Otura Mun has always looked at blending together traditional influences with more contemporary sounds. He revealed us that this is his musical definition:
“For me the mix is taking something that is ancestral and has hundreds of years of practicing and developing (like the traditional drumming of the Orishas and Cuban rumba), and use that framework and dynamic to express something that is sonically new.
I’m excited about the sounds that are available to us and myself in particular as a producer. The frequencies that we use in electronic music right now are frequencies that we didn’t even really hear in music and we couldn’t translate them because of the sound systems we had. So I’m excited about the power of these new sounds. My idea is to use and interface these sounds with a structure on which I can improvise. Typically, I’m not into electronic music, because I come from a drummer background, so I like to see improvisation and hear the breath.
When I was producing hip-hop, I was using an AKAI MPC3000, which is a drum machine that has its own swing. The way in which you program the machine is that, if you want the music to breathe a little bit, you give to each sequence its own BPM and you might shift the BPM to its sample, so it can give you a little more breathing room. A lot of programs now, like Live or some of the new machines I used, don’t let you move in time and that’s really restrictive for me. I wanted to find a way to interface with electronic music, I didn’t want to change after 16 bars: if I want to speed up, I speed up: if I want to pause I pause, and so I just came up with that set up. The rumba’s framework is one that with very little you can say a lot rhythmically and there’s room for improvisation. That’s what I was going for. At the same time though, I didn’t want the music to sound retro or like a throwback, I’d want kids of 14 or 15 years to enjoy it too.”
The way Otura Mun plays his music seems to be definitely inspired by what he has heard:
“I’ve been recently listening to a lot of traditional rumba groups like Los Rumberos de Cuba, Los Muñequitos de Matanzas and Yoruba Andabo, they are some of my favourites. Then, I’ve also been listening to Pedrito Martinez, who’s an amazing Afro-Cuban percussionist based in New York, who adds some contemporary beats too. So there’s some Cuban stuff and then, next to it, Jamaican dance hall! I have a love affair with that music. Every new song that comes out, I’m on it! I listen to this guy called Robbo Ranx who used to be on BBC 1 Extra, I was just like his disciple. Then, I really like Mister Jam. The one which has passed through this show is the electronic music I’m listening to.

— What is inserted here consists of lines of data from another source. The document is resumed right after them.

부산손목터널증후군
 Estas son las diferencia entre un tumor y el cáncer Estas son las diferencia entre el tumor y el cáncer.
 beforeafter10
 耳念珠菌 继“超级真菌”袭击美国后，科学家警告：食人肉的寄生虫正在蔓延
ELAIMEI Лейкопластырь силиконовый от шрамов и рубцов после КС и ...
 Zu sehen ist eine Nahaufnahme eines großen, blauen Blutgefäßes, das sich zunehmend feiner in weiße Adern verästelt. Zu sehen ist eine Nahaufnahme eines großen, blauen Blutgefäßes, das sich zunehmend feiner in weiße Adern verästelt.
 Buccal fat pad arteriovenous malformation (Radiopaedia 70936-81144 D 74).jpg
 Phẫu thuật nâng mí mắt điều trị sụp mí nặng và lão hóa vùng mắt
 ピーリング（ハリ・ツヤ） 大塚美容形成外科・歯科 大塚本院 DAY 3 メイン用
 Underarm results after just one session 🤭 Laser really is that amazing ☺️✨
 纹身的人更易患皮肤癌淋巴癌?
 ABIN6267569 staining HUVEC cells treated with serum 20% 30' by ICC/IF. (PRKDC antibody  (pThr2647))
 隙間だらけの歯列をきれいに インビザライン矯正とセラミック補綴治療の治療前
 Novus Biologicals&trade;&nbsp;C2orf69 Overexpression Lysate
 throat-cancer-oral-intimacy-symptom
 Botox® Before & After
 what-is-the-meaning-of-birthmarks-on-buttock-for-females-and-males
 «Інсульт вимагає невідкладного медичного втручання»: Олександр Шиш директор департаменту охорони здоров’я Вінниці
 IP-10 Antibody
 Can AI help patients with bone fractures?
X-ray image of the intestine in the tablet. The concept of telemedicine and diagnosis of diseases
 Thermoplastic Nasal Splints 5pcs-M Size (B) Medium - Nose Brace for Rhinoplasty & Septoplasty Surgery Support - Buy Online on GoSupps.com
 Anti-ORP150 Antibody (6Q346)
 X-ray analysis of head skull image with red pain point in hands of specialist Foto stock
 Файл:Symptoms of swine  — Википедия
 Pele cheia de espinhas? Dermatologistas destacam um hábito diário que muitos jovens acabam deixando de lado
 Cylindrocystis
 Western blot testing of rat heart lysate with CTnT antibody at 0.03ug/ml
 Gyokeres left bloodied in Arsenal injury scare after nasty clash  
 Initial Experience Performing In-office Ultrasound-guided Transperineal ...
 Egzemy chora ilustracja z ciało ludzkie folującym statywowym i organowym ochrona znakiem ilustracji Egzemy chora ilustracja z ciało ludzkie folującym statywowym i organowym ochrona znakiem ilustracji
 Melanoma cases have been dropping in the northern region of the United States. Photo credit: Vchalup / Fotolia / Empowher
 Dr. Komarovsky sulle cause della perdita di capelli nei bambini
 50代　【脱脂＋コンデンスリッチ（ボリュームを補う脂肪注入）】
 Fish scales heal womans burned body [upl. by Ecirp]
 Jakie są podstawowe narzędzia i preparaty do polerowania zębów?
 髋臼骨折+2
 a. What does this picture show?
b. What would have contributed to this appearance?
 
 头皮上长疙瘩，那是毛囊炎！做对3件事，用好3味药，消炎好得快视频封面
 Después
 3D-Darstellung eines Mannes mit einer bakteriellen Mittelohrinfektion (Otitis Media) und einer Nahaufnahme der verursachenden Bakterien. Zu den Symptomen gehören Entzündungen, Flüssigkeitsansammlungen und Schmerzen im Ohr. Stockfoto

I usually look at the U.K. and Jamaica for everything that is related with electronic music, but I mostly listen to Jamaican dancehall. There’s an artist called Alkaline right now and everything he does is ridiculous! Novato and Popcaan: they are ridiculous. One thing that I really like in their sound is that they aren’t nostalgic. Some of these guys record 200 songs over a year and you know, out of two hundred, 50 are pretty good! They like to talk about things which are happening today and six months after a song is done you’re not going to hear about it again because the public demand newness. That’s something great to me, because it’s like you continually want to live in the present. You can understand paying homage, but you demand newness and I just love that!”